Biopharmaceutical company AbbVie said that it used a Cerebras CS-2 system to train biomedical natural language processing (NLP) models.
The CS-2 features the Wafer Scale Engine 2, the world's largest semiconductor, with 2.6 trillion transistors. Built on TSMC 7nm, it has 850,000 'AI optimized' cores, 40GB of on-chip SRAM memory, 20 petabytes of memory bandwidth, and 220 petabits of aggregate fabric bandwidth.
The WSE-2 chip is sold packaged with the Cerebras CS-2, a 15U box that also includes HPE’s SuperDome Flex.
The company claimed that it was able to achieve a performance in excess of 128 times that of a GPU, while using 1/3 the energy (however, the CS-2 costs 'several million').
“A common challenge we experience with programming and training BERT LARGE models is providing sufficient GPU cluster resources for sufficient periods of time,” said Brian Martin, Head of AI at AbbVie.
“The CS-2 system will provide wall-clock improvements that alleviate much of this challenge, while providing a simpler programming model that accelerates our delivery by enabling our teams to iterate more quickly and test more ideas.”
AbbVie has developed large AI language models to build its machine translation service, Abbelfish. This service translates and makes searchable libraries of biomedical literature across 180 languages using large Transformer models such as BERT, BERT LARGE, and BioBERT.

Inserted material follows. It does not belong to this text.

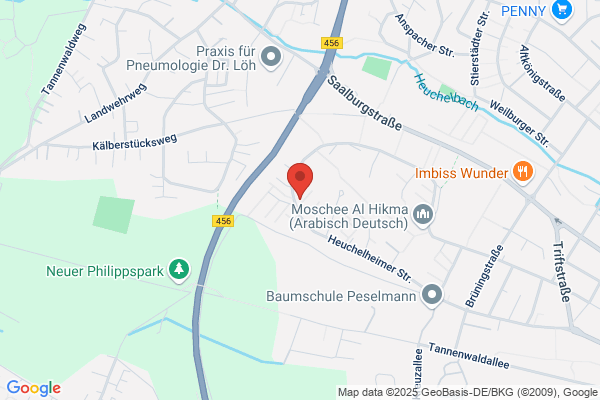 GfG Großhandel für Gebäudeaus-stattung GmbH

But the Abbelfish model is six billion parameters, making it hard to train on GPU clusters - while Cerebras's CS-2 is large enough to handle the model.
“At Cerebras Systems, our goal is to enable AI that accelerates our customer’s mission,” said Andrew Feldman, CEO and co-founder of Cerebras Systems.
“It’s not enough to provide customers with the fastest AI in the market — it also must be the most energy efficient and the easiest to deploy. It’s incredible to see AbbVie not only accelerating their massive language models, but doing so while consuming a fraction of the energy used by legacy solutions.”
Cerebras raised $250 million late last year at a $4bn valuation. Supercomputing institutions Argonne, Lawrence Livermore, and PSC, as well as AstraZeneca, GSK, Tokyo Electron Devices, and oil and gas businesses are known to use the system.